Capturing the Instagram Aesthetic with Your Brand
Over 70 percent of American companies now use Instagram as of 2017, (sproutsocial.com/insights/instagram-stats/) and it’s no surprise. Instagram is one of the best places to get more clicks and find new customers, with much higher engagement rates than Facebook or Twitter (webstrategiesinc.com/blog/which-social-media-sites-get-the-most-engagement). However, marketers must understand the culture and aesthetic of Instagram to take full advantage of those extra views and likes. If you get it right, potential customers will look forward to seeing your business’s posts, creating organic engagement and growth.
The Instagram Aesthetic
Instagram started in 2010 by bringing nostalgia and vintage appeal to social picture sharing, with its filters and square format photos letting users create beautiful pictures from their terrible smartphone cameras. As smartphone cameras improved, many users stopped using the premade filters, but the focus on beauty remains. Aesthetically-minded users take advantage of photo editing tools to tinker with saturation, contrast, color, and cropping well beyond the capabilities of pre-made filters.

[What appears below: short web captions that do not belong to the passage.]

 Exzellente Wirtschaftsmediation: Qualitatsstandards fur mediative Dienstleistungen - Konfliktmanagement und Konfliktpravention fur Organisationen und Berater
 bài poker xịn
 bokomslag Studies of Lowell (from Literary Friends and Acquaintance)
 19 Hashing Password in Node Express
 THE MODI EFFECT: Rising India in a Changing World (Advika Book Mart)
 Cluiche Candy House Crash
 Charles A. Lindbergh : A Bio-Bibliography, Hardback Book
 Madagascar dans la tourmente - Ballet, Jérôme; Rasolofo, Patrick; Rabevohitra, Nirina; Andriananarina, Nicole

Lev Manovich, a new media researcher, refers to the peculiar aesthetic of Instagram as Instragrammism, (books.google.com/books?id=E_8nDwAAQBAJ&dq) which he defines as distinct from previous styles in art and photography. The Instagram aesthetic is subtle and atmospheric, never confronting with harsh emotions. Users create a comforting style with washed out, often minimalist design.
Instagram is aspirational. Instagram users curate a public version of their lives, including many trappings of success, such as good food, travel, luxury clothing, and beautiful people. But this is an aspirational culture that is much more subtle than just a display of conspicuous consumption. The atmospheric aesthetic favored on Instagram implies not an abundance of money, but an abundance of time. In such a fast-moving world, people aspire not to just to own stuff, but to have the time to luxuriate in it.

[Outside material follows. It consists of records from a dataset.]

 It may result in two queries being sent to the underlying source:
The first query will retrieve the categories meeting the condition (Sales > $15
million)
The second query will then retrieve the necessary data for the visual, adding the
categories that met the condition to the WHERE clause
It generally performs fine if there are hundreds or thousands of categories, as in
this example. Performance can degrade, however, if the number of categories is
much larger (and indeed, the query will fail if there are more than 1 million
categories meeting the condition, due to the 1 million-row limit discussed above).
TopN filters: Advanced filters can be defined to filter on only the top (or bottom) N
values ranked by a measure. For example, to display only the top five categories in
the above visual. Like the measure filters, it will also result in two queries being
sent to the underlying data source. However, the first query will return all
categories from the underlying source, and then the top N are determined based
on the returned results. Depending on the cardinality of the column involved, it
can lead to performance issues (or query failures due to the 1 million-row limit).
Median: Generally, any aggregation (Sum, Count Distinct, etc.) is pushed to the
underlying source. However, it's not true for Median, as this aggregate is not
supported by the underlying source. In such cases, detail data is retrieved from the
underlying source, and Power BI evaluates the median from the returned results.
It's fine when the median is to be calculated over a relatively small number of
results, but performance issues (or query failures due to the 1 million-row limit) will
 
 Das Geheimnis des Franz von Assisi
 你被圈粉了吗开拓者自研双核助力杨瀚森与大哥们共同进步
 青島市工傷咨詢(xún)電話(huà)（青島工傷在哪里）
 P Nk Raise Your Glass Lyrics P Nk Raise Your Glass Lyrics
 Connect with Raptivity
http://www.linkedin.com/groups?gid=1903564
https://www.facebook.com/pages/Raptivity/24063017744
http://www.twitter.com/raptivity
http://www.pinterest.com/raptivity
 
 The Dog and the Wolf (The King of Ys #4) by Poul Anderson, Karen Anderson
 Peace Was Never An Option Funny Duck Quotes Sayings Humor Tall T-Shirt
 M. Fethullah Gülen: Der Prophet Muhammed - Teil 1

Matching the Instagram Aesthetic
Businesses that want their brand to gather aesthetically-minded followers on Instagram need to form a cohesive brand aesthetic in line with Instagram’s culture. Both regular posts and paid ads should follow this brand aesthetic to avoid content that stands out like a sore thumb, causing customer resentment rather than engagement.
The surface quality of the Instagram aesthetic is not hard to match. Keep photographs relatively mono-color, and keep the composition flat and square, centering subjects or cropping them. Think partially Wes Anderson, but less whimsical.

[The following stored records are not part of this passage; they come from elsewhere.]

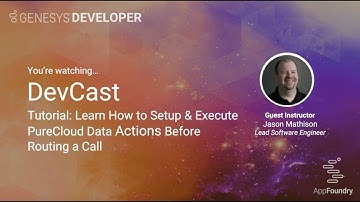 DevCast Tutorial #2 | How to Set Up and Execute a PureCloud Data Action Before Routing a Call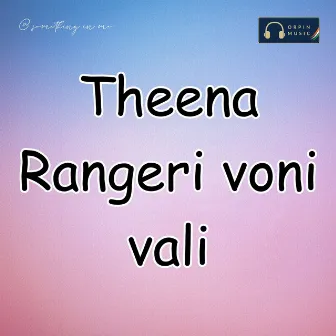 Theena Rangeri Voni Vali by A9 Songs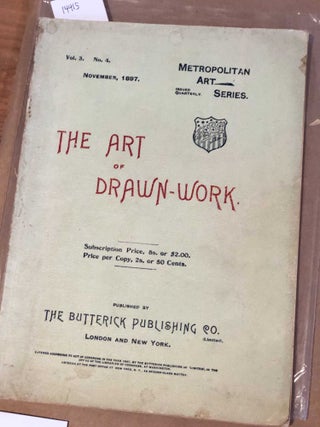 Item #14415 The Art of Drawn - Work Vol. 3 No. 4 November 1897 Metropolitan Art Series....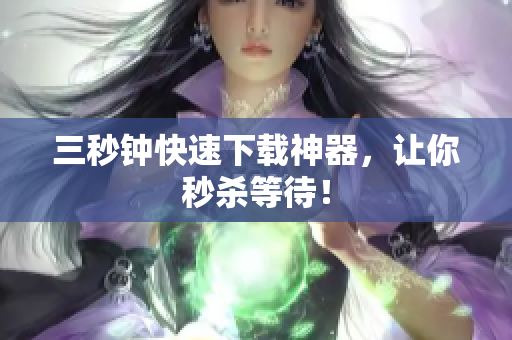 三秒钟快速下载神器，让你秒杀等待！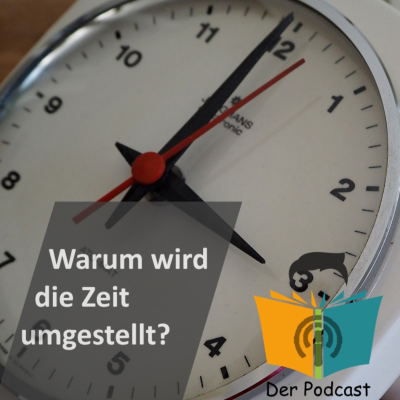 episode Warum stellen wir die Zeit um? | Wissen artwork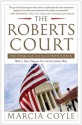 The Roberts Court: The Struggle for the Constitution - Marcia Coyle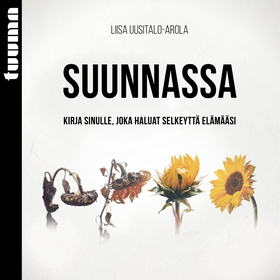 Suunnassa (ljudbok) av Liisa Uusitalo-Arola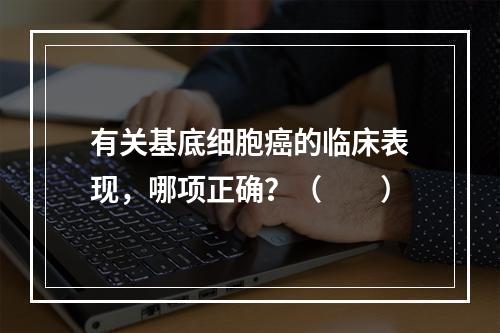 有关基底细胞癌的临床表现，哪项正确？（　　）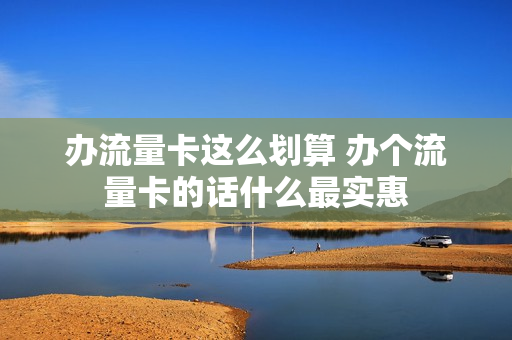 办流量卡这么划算 办个流量卡的话什么最实惠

Instagram users often favor washed-out, desaturated photos. On some accounts, almost every image is close to white. Use bright colors sparingly and carefully, and if used, one color should dominate the image to avoid too much contrast.
What Images Should Say to Potential Customers
Think more about atmosphere than story. Try to create a feeling of aspirational leisure. Instead of images that say, “these are the amazing things you can do with this product,” aim for, “this brand will help you create a beautifully relaxed lifestyle.”
Avoid product-only posts and text. Instead, show products in their natural environment. A soft drink company might show a woman holding their product while lounging in a quiet beachfront property. A car company might show a car artfully cropped against a quietly idyllic, but not overwhelming, country landscape.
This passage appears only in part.